> [Exercise inputs]

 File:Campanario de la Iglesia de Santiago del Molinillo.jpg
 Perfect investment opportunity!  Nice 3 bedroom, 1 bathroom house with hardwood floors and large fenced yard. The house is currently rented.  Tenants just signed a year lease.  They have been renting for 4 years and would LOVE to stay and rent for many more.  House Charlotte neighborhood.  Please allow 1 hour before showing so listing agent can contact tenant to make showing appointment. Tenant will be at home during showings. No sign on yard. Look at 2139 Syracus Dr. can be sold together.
==
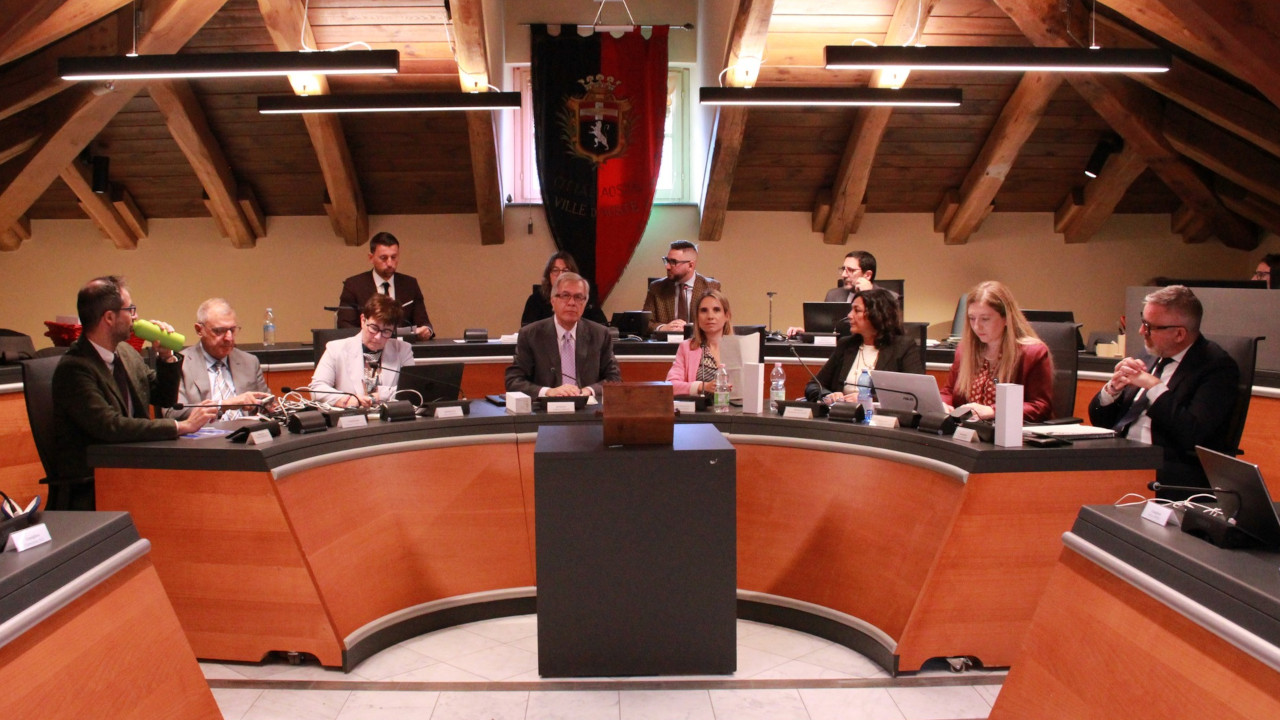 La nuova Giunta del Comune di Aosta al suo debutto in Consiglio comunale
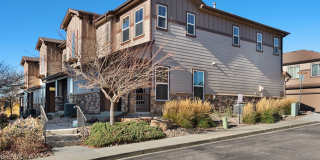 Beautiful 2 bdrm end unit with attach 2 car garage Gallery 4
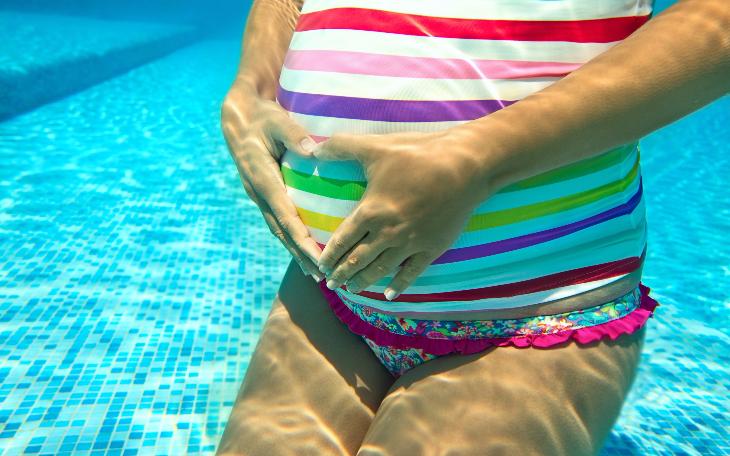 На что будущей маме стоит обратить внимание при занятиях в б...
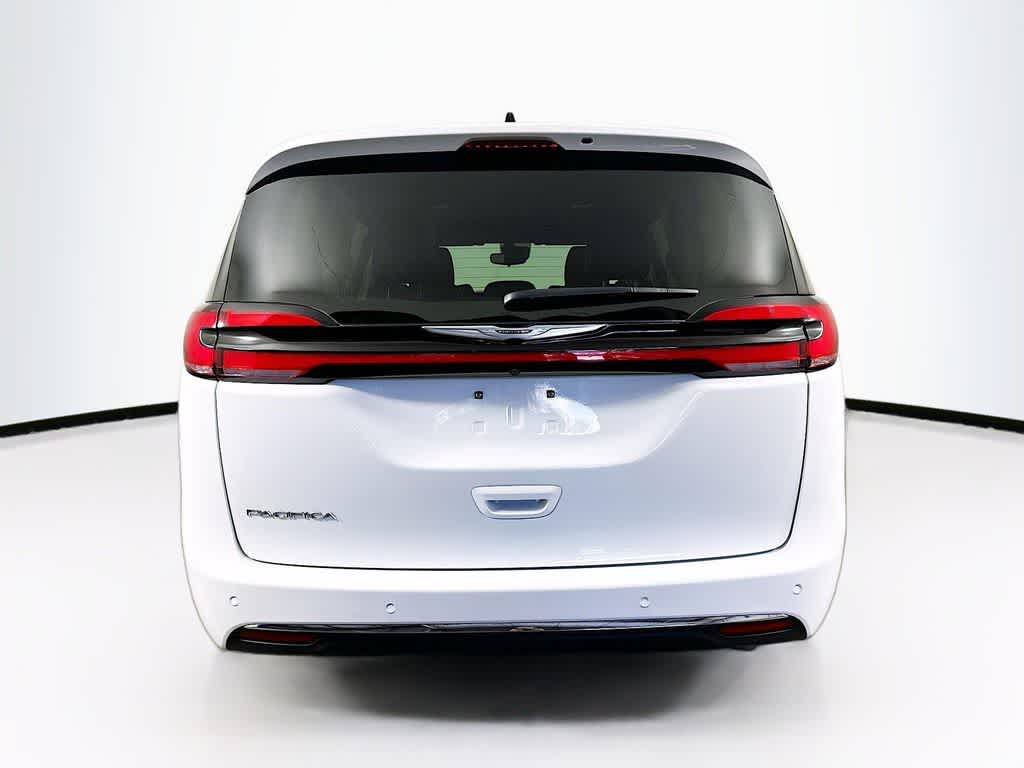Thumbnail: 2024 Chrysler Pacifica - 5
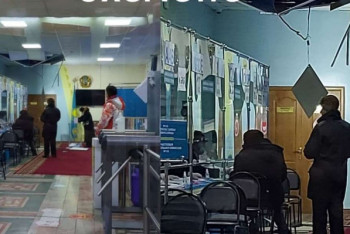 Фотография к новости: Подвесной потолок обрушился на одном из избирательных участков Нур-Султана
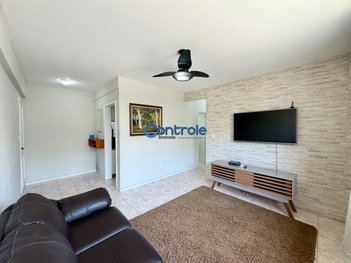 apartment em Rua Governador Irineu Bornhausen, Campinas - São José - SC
==
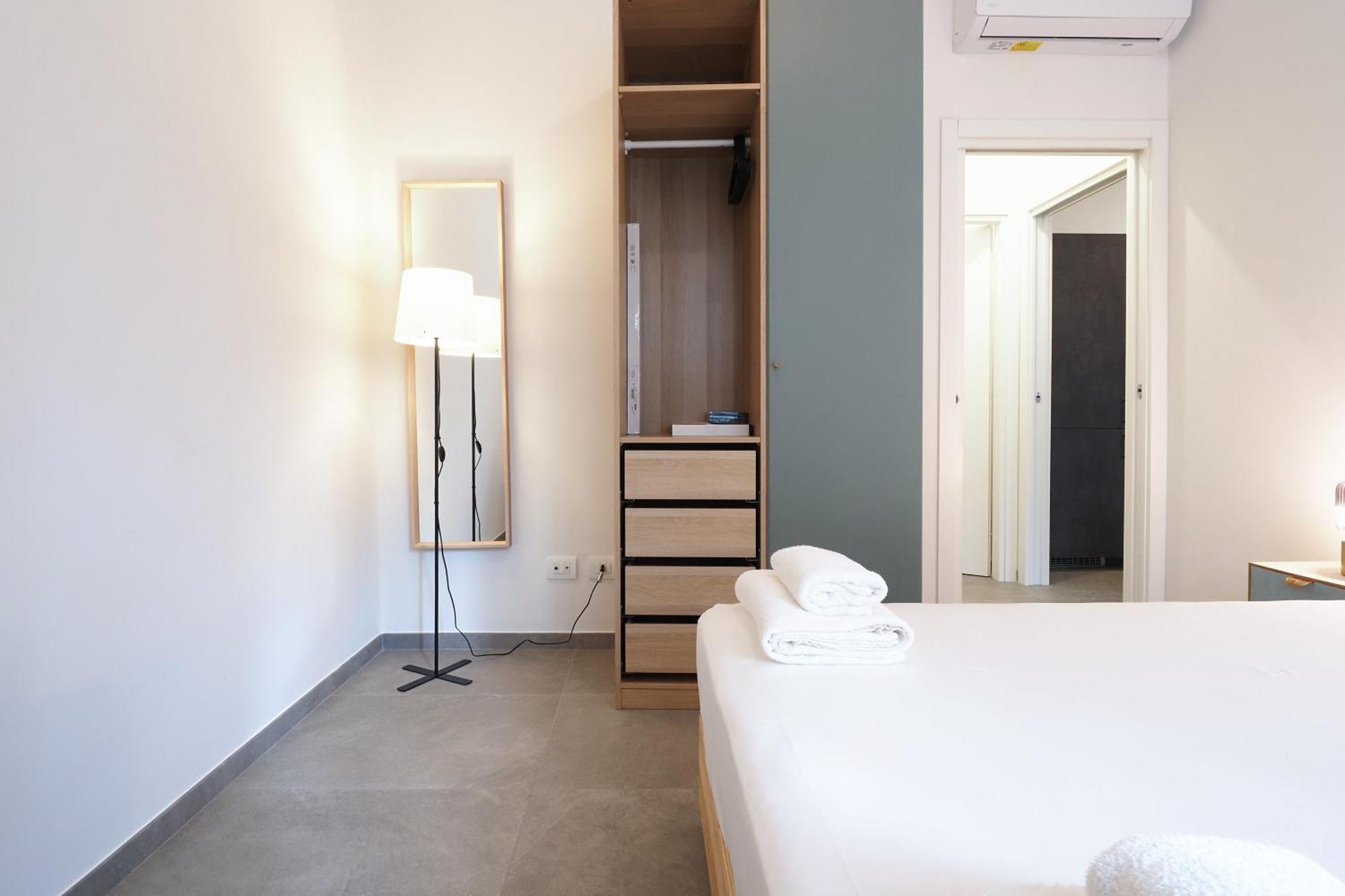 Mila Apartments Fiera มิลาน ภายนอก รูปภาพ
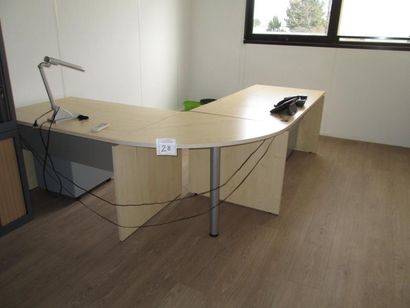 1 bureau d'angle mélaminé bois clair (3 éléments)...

> [Task item] Using the listing above, reproduce word for word every line from the one containing "На что будущей" through the one containing "apartment em Rua". Pictures must be left out.

> [Written response]
 На что будущей маме стоит обратить внимание при занятиях в б...
Thumbnail: 2024 Chrysler Pacifica - 5
 Фотография к новости: Подвесной потолок обрушился на одном из избирательных участков Нур-Султана
 apartment em Rua Governador Irineu Bornhausen, Campinas - São José - SC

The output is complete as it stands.